Now, more than a decade after Frieda Hughes stepped up to the podium to accept the honour on behalf of her father, the late poet laureate, two posthumous nominations have emerged on this year’s shortlist for the renamed Costa Prize, announced today.

The Costa awards recognise the best book in five categories including debut novel, biography, poetry, children’s book and novel.

Simon Gray, the playwright and novelist who died of a ruptured aneurysm in August 2008 is in line to win the award in the biography category for Coda, his candid account of being diagnosed with cancer and given a limited life expectancy, which was hailed as ‘black humour with the lightest touch’ by judges.

Siobhan Dowd, the late novelist who died of cancer, aged just 47, in August 2007, was also named as a contender in the children’s book category. Her novel, Solace of the Road, tells the story of young Holly who escapes her surrounding army of foster parents and social workers to embark on a quest to find her real “mam”.

Dowd’s sister, Denise Dowd, said her family was “thrilled” that the book had been shortlisted. “We love this terrific book which features feisty Holly and her roller-coaster of adventures. It is a real page-turner and demonstrates Siobhan's wonderful ability to tell a story that is a sheer joy to read,” she said.
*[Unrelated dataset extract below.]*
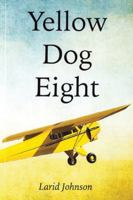 Yellow Dog Eight 1646286502 Book Cover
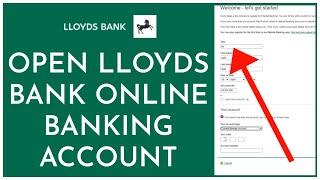 How to Create/Open Lloyds Bank Online Banking Account? Lloyds Bank Sign Up & Account Register 2021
Dowd is up against Anna Perera among others, whose book, Guantanamo Boy – a fictionalised account of children held in the high security military prison in Cuba – was met with high critical acclaim when it was published.
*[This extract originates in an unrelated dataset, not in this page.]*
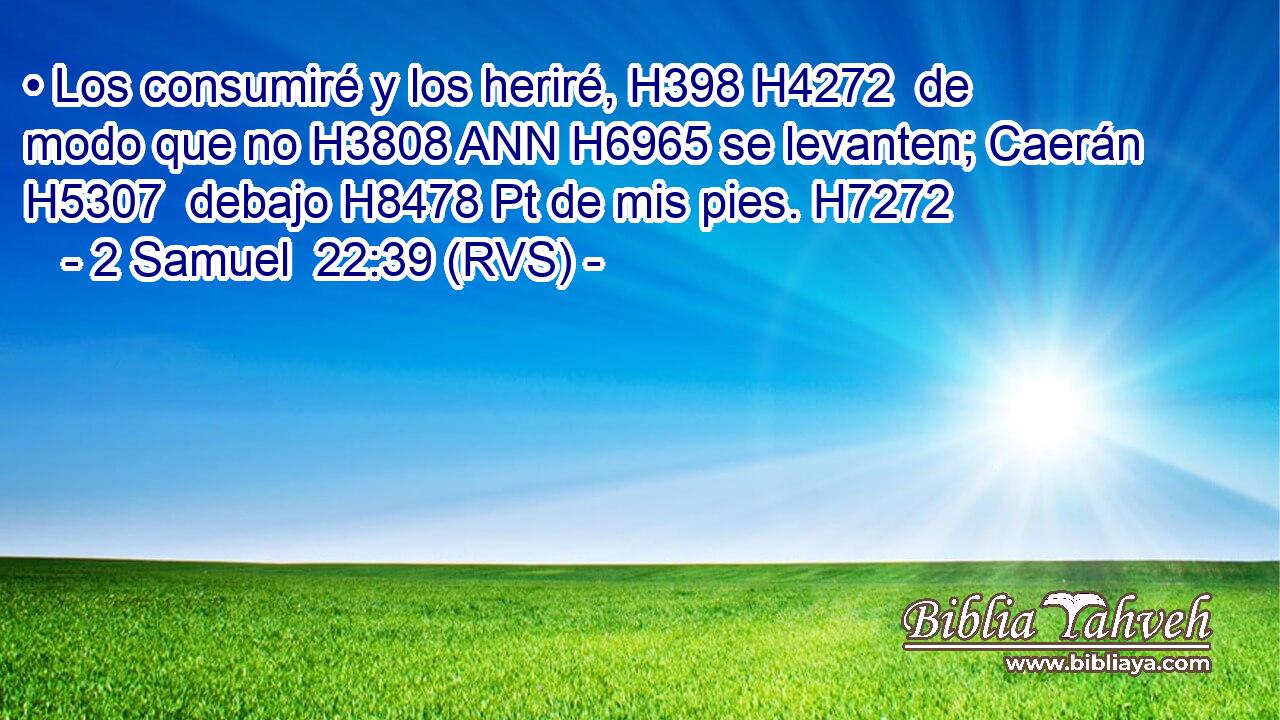 • Los consumiré y los heriré, H398 H4272  de modo que no H3808 ANN H6965 se levanten; Caerán H5307  debajo H8478 Pt de mis pies. H7272  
Perera, who had previously written four children’s books, said she was began writing it after going to a charity gig at the Globe Theatre three years ago where the human rights lawyer, Clive Stafford Smith, spoke of those children who are caught up in the ‘war against terror’ and find themselves imprisoned in Guantanamo.

“When I heard about this, I was shocked, outraged, flabbergasted. I thought ‘I want to write a teenage novel’ about this and the title came to me immediately. I did all the reading around it – I read Clive Stafford Smith’s book, Moazzam Begg’s book, everything I could get my hands on,” she said.

Ruth Padel, the poet who became embroiled in the controversy over the Professor of Poetry post at Oxford University earlier this year, was selected for the poetry shortlist, for her intimate poetic treatise on Charles Darwin, the naturalist who was also Padel’s great, great grandfather.

She said the desire to write Darwin: A Life in Poems, dated back to listening to her elderly grandmother’s stories while she was a classics graduate, freshly out of Oxford, but she did not realise the ambition until last year, when she wrote the book in an intensive period of four months.

Padel, was being appointed the position of Professor of Poetry at Oxford earlier this year, but resigned after nine days after what some sources referred to as smear campaign against the rival candidate, Derek Walcott, was shortlisted alongside Clive James, the TV presenter who is vying for the prize for his reminiscences of his Australian childhood in Angels Over Elsinore, and the debut poet, Katharine Kilalea, for One Eye’d Leigh.

Hilary Mantel’s Booker prize-winning novel, Wolf Hall, is up for the novel award alongside Colm Toibin’s Brooklyn, which was on the Booker longlist, and Penelope Lively – another former Booker-winner – who has been nominated for her latest book, Family Album.

Winners will be announced in January.